[Web page caption snippets]
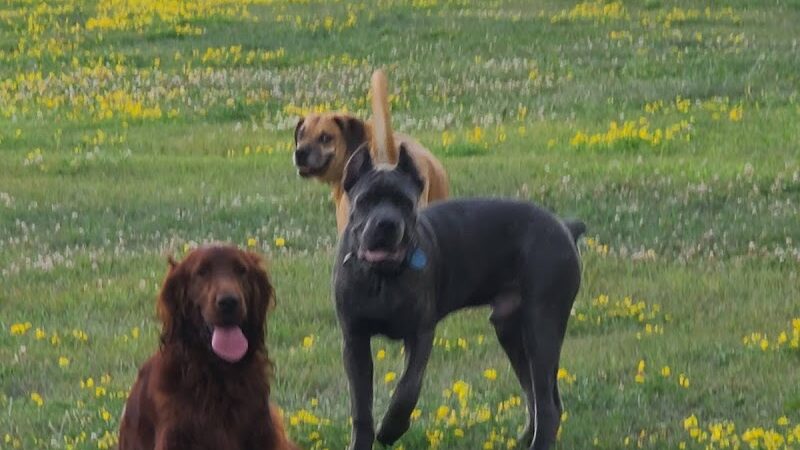 Jillian Andolina Memorial Dog Yard - Hornell, NY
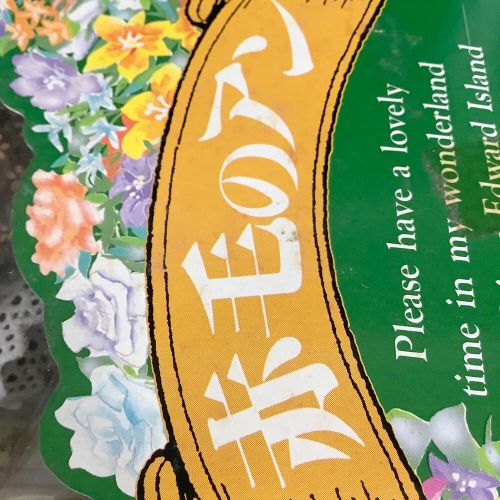 TAKARA (タカラ) 赤毛のアン Anne Of Forest's Fairy 1993年　ドール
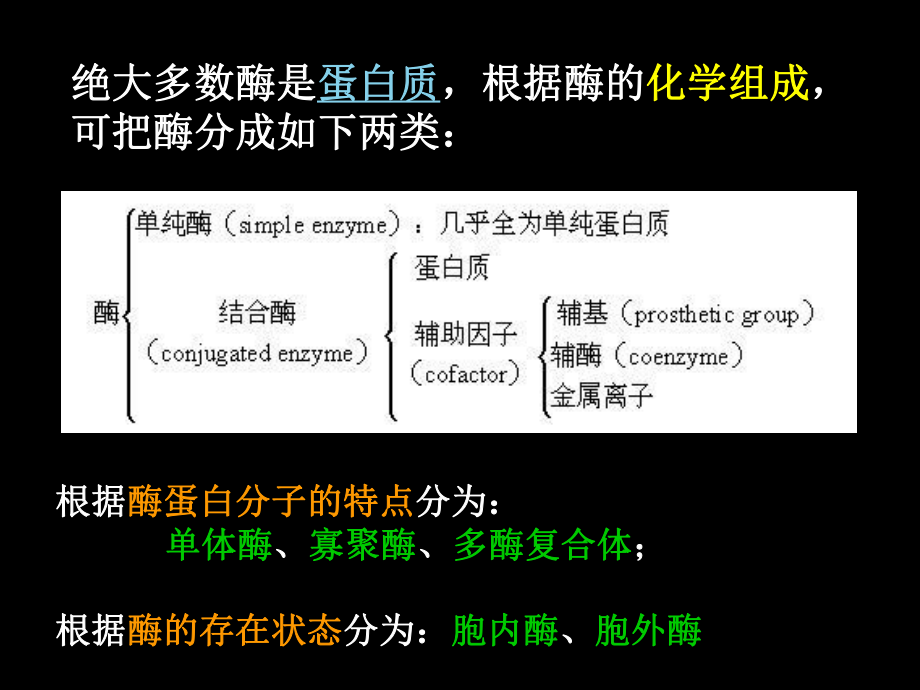 1-4酶分类和命名课件.ppt_第2页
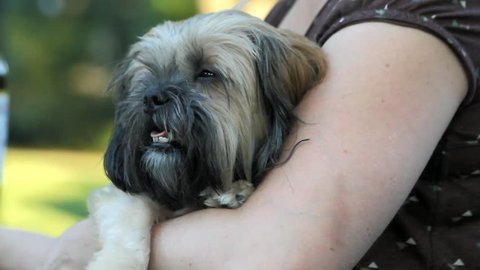 Small Furry Dog In Lady's Arm And Happy Outdoors Stock Video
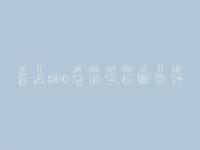 普洱seo培训学校哪家好，网站建设与管理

§ Task brief:
Give back all of the data exactly, but not the pictures.

§ Your solution:
 Jillian Andolina Memorial Dog Yard - Hornell, NY
 TAKARA (タカラ) 赤毛のアン Anne Of Forest's Fairy 1993年　ドール
 1-4酶分类和命名课件.ppt_第2页
 Small Furry Dog In Lady's Arm And Happy Outdoors Stock Video
 普洱seo培训学校哪家好，网站建设与管理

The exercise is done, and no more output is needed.